The technical approach was simple enough, based on a system devised by BT and known as Cleanfeed. A list of IP addresses is drawn up by the industry watchdog, the Internet Watch Foundation, supplied to and then augmented by the Home Office, and then handed to ISPs with the simple instruction “block traffic to and from these addresses”. The problems are twofold.
First, the government, in the person of Home Office minister Vernon Coaker, simply demanded that all UK ISPs “voluntarily” sign up for the system – there is no legislative backing for this at all. And second, no doubt only because no open discussion took place, no parliamentary debate occurred, and therefore no real examination of the dangers of such a process were exposed, no one except the Home Office knows what’s on that final list. We’re led to believe that it’s purely a list of child pornography sites. But no one outside government knows. Not even the ISPs. They block; they don’t look.
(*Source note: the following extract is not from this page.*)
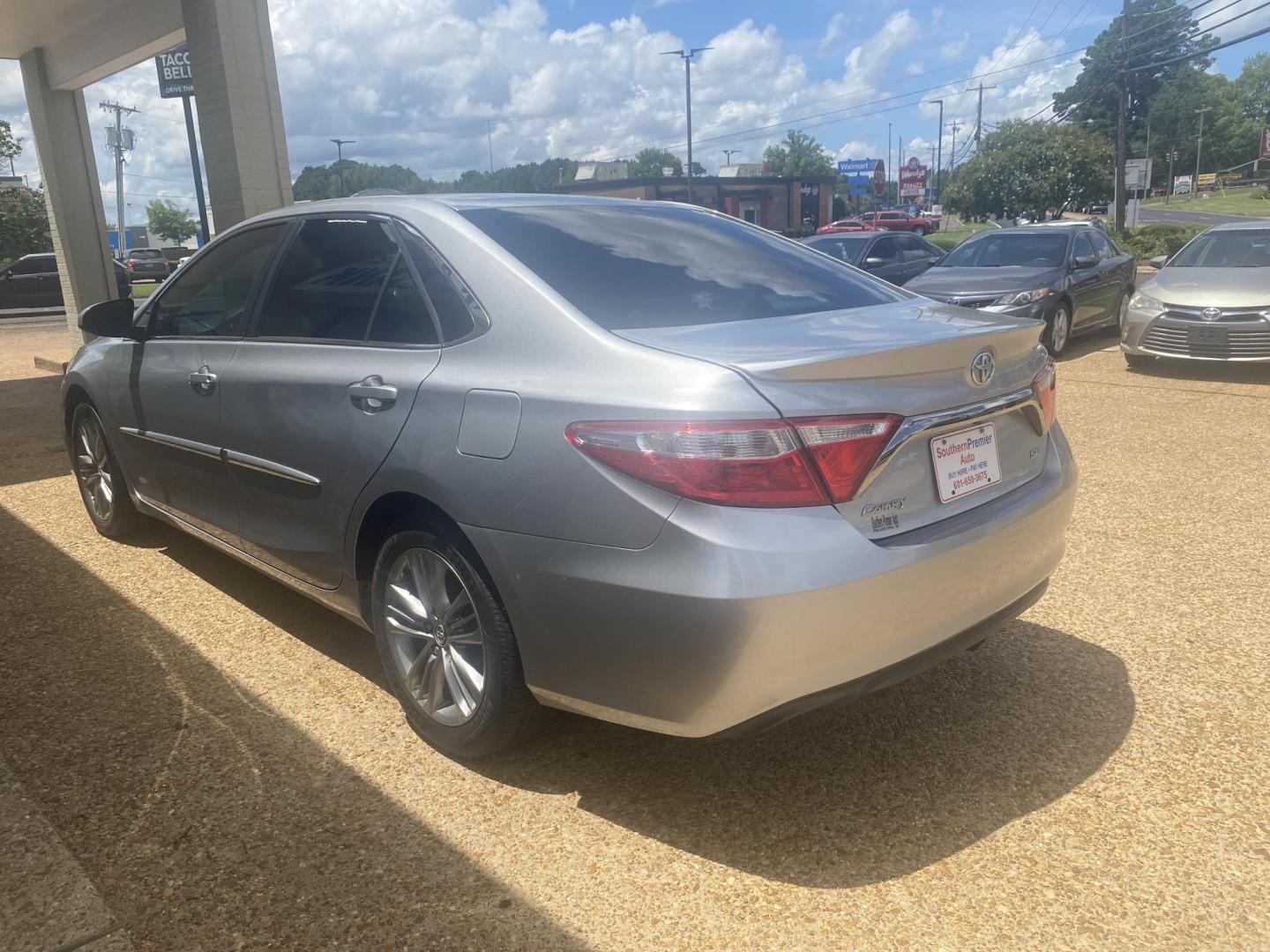 2016 SILVER TOYOTA CAMRY SE (4T1BF1FK9GU) , located at 922 W. Beacon St., Philadelphia, MS, 39350, (601) 650-3675, 32.770447, -89.127151 - Photo#3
As of December 31 last year, all UK ISPs duly agreed to adopt the system. You’re now viewing a state-mandated subset of the internet. How do you feel about that? Like to vote against it? You can’t. Like your MP to sit on a committee to oversee implementation? He can’t. Like to know if the Google results you’re seeing are a full representation of Google’s actual results? You can’t. Censorship at this level – above even ISPs, is all but invisible to the end user. It’s a secret that they’re keeping these secrets from you.
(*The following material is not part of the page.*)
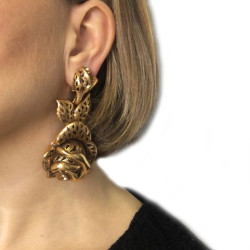 OSCAR DE LA RENTA pendant clip-on earrings in gilded metal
Now, this isn’t China you might say, we trust our government to only censor material that needs censoring. Sure? This is the same government that has leaned on ISPs inside the UK, and outside, not with the intention of blocking illegal or obscene material, but simply sites that irritated, embarrassed, or offended the government. Not using legal methods either – a court order, say – but bullying and threats. And this is the same government that was only beaten by one vote in the House of Lords, on their 2006 proposal to force UK ISPs to drop sites on the say-so of a single police officer. This is, remember, that same government that’s constantly telling us, with regard to ID cards, that if you have nothing to hide, you have nothing to fear. Why then, do they hide this list?
Now, OK, most will feel with regard to child pornography a bit of overkill may be justified, but with “extremism” we start a whole new ball game. It’s a truism that one man’s terrorist is another’s freedom fighter, what should also be understood is that what is inflammatory and incendiary material to one, is the simple truth to others. Can we really accept that a few pen pushers in the Home Office should have absolute veto over our online browsing habits?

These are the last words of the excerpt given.